Hm, is that the secret meaning of the band name "The The"?
338: No one who speaks German could be an evil man!
Awwww, yeah:
Michigan sees fewer gun deaths -- with more permits
January 6, 2008
By DAWSON BELL
FREE PRESS STAFF WRITER
Six years after new rules made it much easier to get a license to carry concealed weapons, the number of Michiganders legally packing heat has increased more than six-fold.
But dire predictions about increased violence and bloodshed have largely gone unfulfilled, according to law enforcement officials and, to the extent they can be measured, crime statistics.
The incidence of violent crime in Michigan in the six years since the law went into effect has been, on average, below the rate of the previous six years. The overall incidence of death from firearms, including suicide and accidents, also has declined.
Of course, the "legal problems after beating up a stalking psycho" disappear if you just kill them and disappear the body.
At this point in my life I doubt I could disappear suddenly to start a new life, considering the trail I've left behind already.
342: someone seems a little bit too determined to have a gnu control thread.
considering the trail I've left behind already.
I... I think there's a pill you can take...
re: 343
The person that I know that did it, just fled during the night. Went to a refuge, changed their name, changed their kids names. Started again, from scratch. It's possible. The trail can be severed.
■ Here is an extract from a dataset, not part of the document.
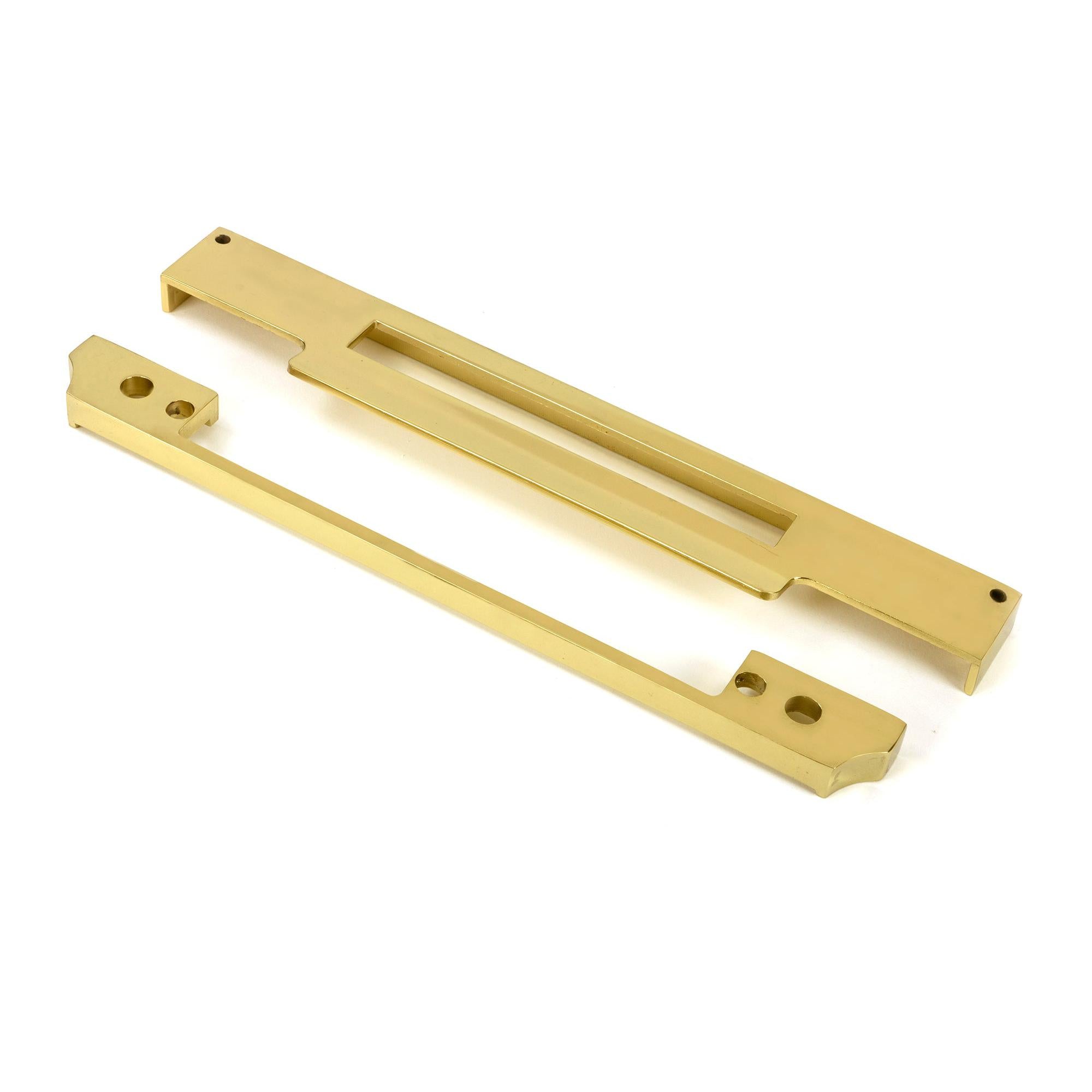Polished Brass ½" Rebate Kit for Euro Din Sash Lock - Euro Locks - From The Anvil - Yester Home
I don't doubt that a really determined assailant with access to decent technical skills and the ability to pay for information, might be able to get around that, but it'd be really hard to do without attracting serious law enforcement attention.
#344: someone seems a little bit too determined to have a gnu control thread.
They're quite dangerous creatures. Only professional zookeepers should be allowed to own one.
265: so we are talking about the "what ho, my good man, how's about popping a cap on a sucker!" end of the spectrum
I suspect that, while Bertie Wooster would indeed be terrible at hiring a hit man, Jeeves would be lethally efficient at the actual assassination. He would probably simply arrange matters so that the target got killed by an unrelated third party, having studied the psychology of the individual.